On board the Franziska in the Gulf of Mexico . November 26, 1869.
Thanks be to God, we are now confidently looking forward to the imminent end of our voyage. On the 26th at 2:00 a.m. we passed between Cuba and Santo Domingo (Hispaniola) and are now sailing along the southern coast of Cuba. We hope to sail around the Cuban west coast tomorrow, since we have a favorable wind, which, if it holds, will bring us to Galveston in a week. Although here on the ship there is no opportunity to spend money, this situation, though bringing freedom from care, is yet unpleasant, and we shall all be heartily glad to see the end of this voyage.
The two farmers mentioned above were formerly lawyers: their names are Mr. Engelking and Mr. Wagner. Eighteen years ago Engelking was a Prussian law clerk. He has spent ten years in Texas and lived through the times of disorder (Texas Revolution). He is of an impetuous but upright character, and since he lives between the Brazos and Colorado rivers, he is very well known to Preacher Fuchs in Wild Cat Spring, and so for now we are relying on his counsel, which he gives with great caution.

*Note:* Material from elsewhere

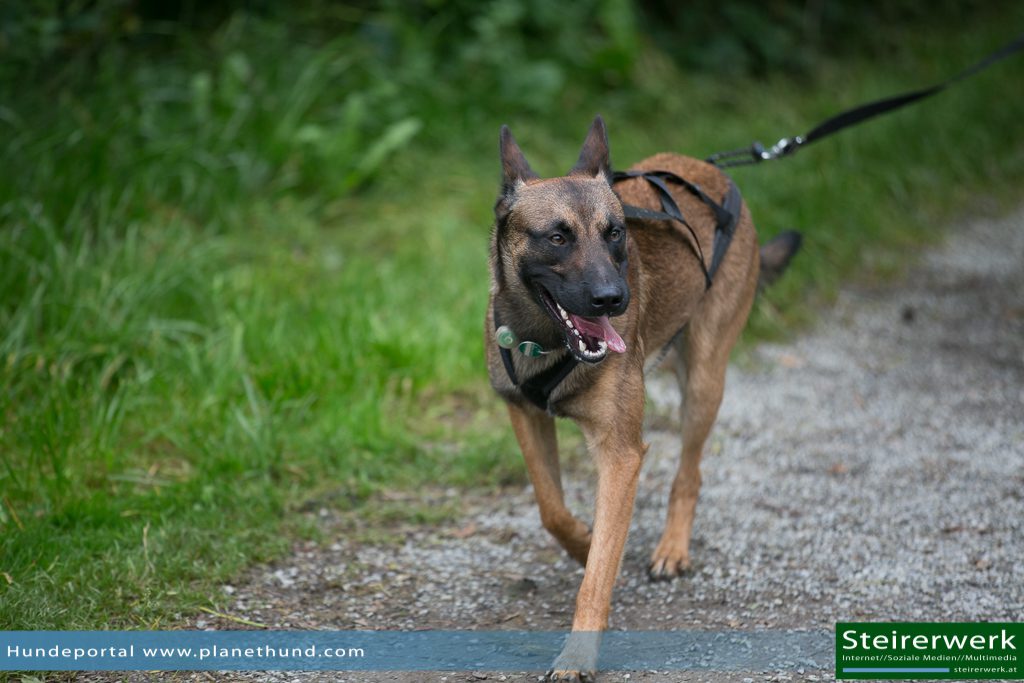 Ratgeber Joggen Hund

Originally it was my intention to go from Galveston to Houston by steamboat and then make an exploratory trip to Bastrup, however, we shall travel with Engelking to St. Philippe de Austin and explore first from there. For a year there has been steamboat service on the Brazos, so that one can go directly from Galveston to St. Philippe de Austin in two days. This is very advantageous, especially as concerns the baggage, for shipping freight wagon is very expensive.